Problem requirements -
In the records below, find the line that holds "back of house". Restate it and every later line exactly, stopping at the end and skipping pictures.

Short descriptive text snippets:
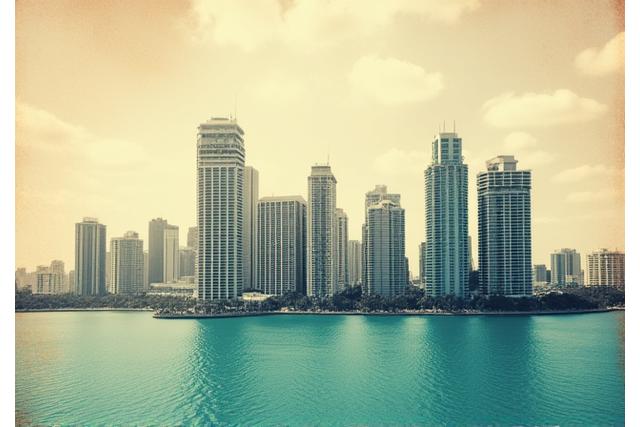 Historic photograph of Miami city skyline with subtle modern overlay, symbolizing legacy and evolution of BCA Financial Services.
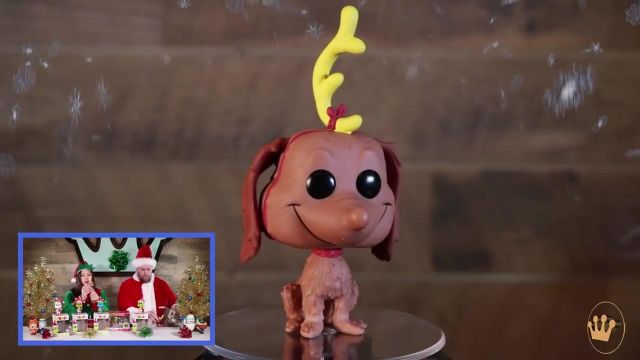 The figurine funko pop Max from the movie The grinch in the youtube video Dr. Seuss The Grinch Unboxing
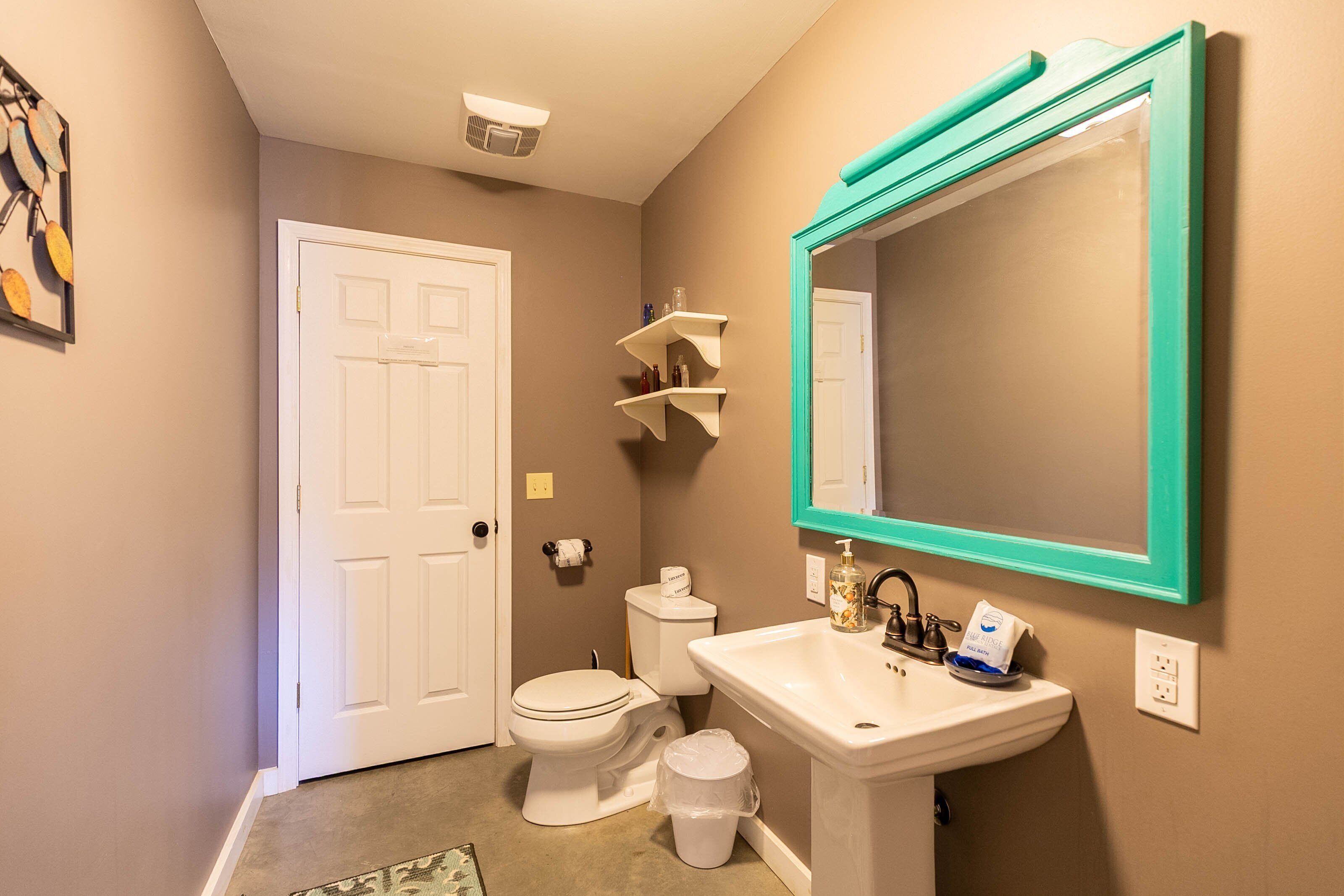 A bathroom with a white toilet, a sink with a teal-framed mirror, and a beige wall.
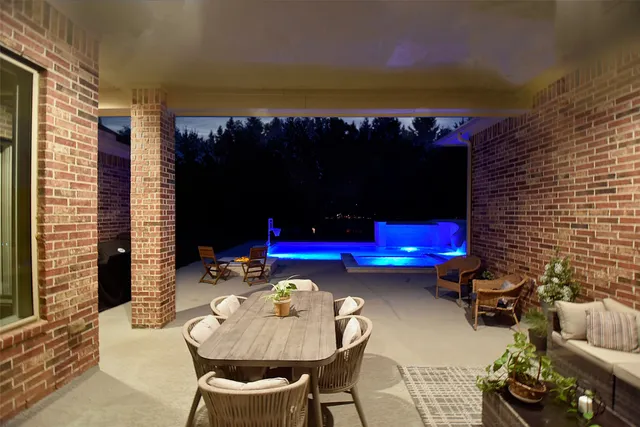 a view of a park with iron fence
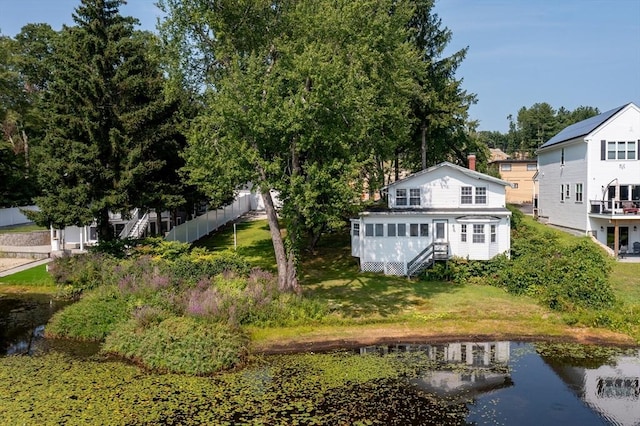 back of house featuring a water view and fence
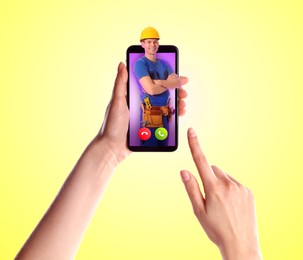 Woman with smartphone calling professional repairman on yellow background, closeup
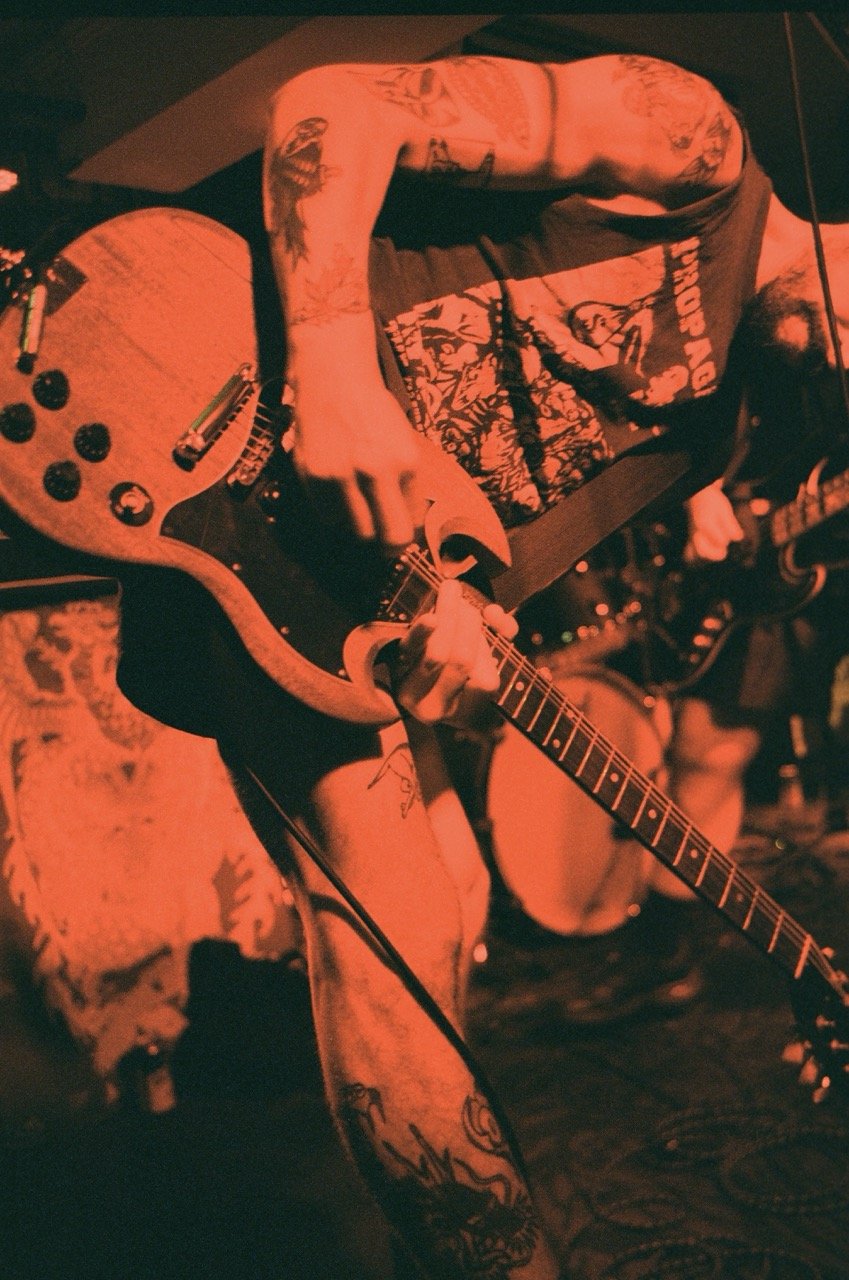 A person playing an electric guitar on stage, with tattoos visible on their arm and leg, under red stage lighting.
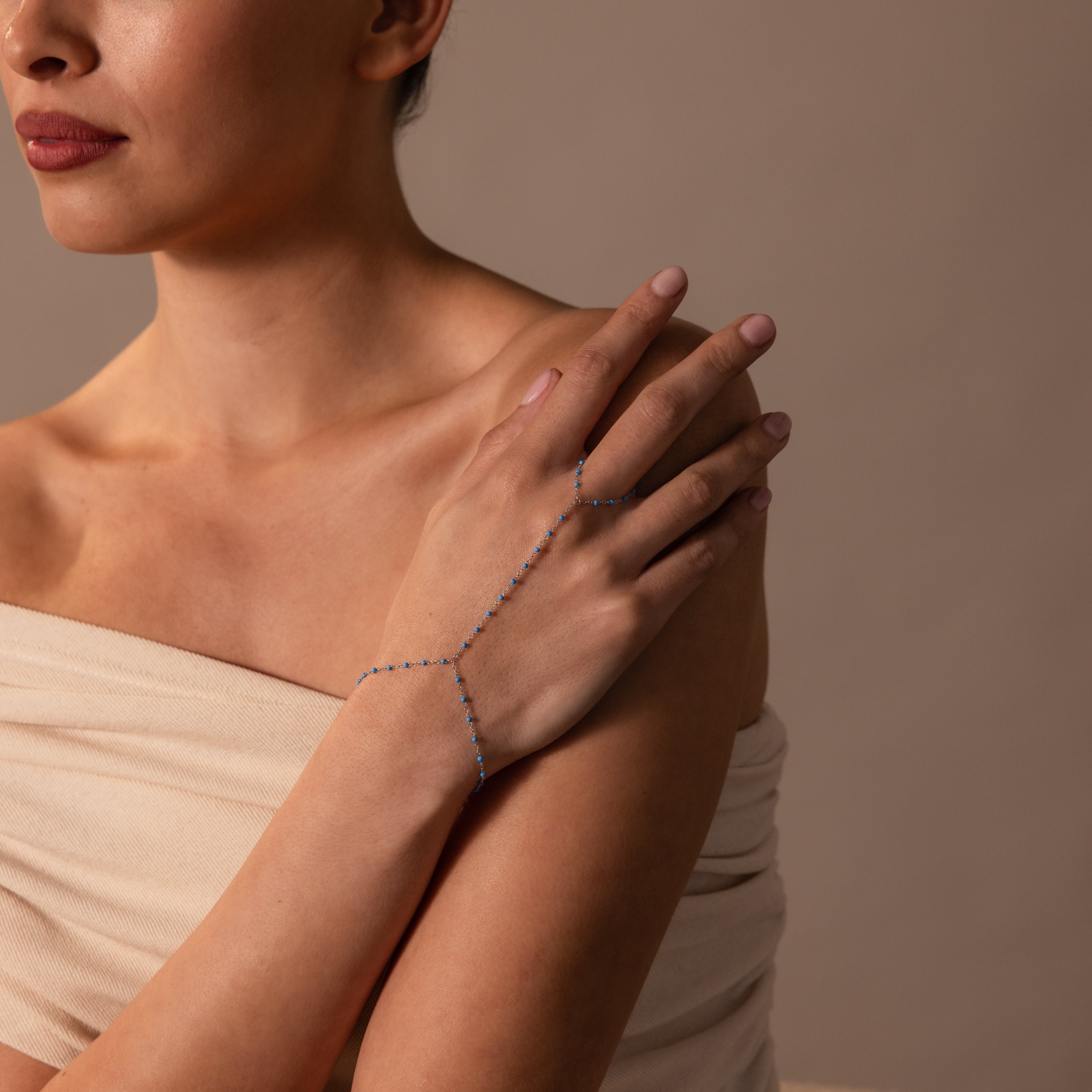 A woman in a beige top showcases the Ocean Beaded Hand Chain Bracelet in Silver, adorned with delicate turquoise beads and blue stones on her hand.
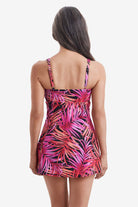 Woman turned away wearing a pink palm leaf printed swim dress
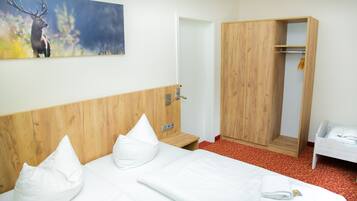 A hotel room with a wooden headboard, a bed with white linens, a wooden wardrobe, and a painting of a deer on the wall.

The completed task -
 back of house featuring a water view and fence
 Woman with smartphone calling professional repairman on yellow background, closeup
 A person playing an electric guitar on stage, with tattoos visible on their arm and leg, under red stage lighting.
 A woman in a beige top showcases the Ocean Beaded Hand Chain Bracelet in Silver, adorned with delicate turquoise beads and blue stones on her hand.
 Woman turned away wearing a pink palm leaf printed swim dress
 A hotel room with a wooden headboard, a bed with white linens, a wooden wardrobe, and a painting of a deer on the wall.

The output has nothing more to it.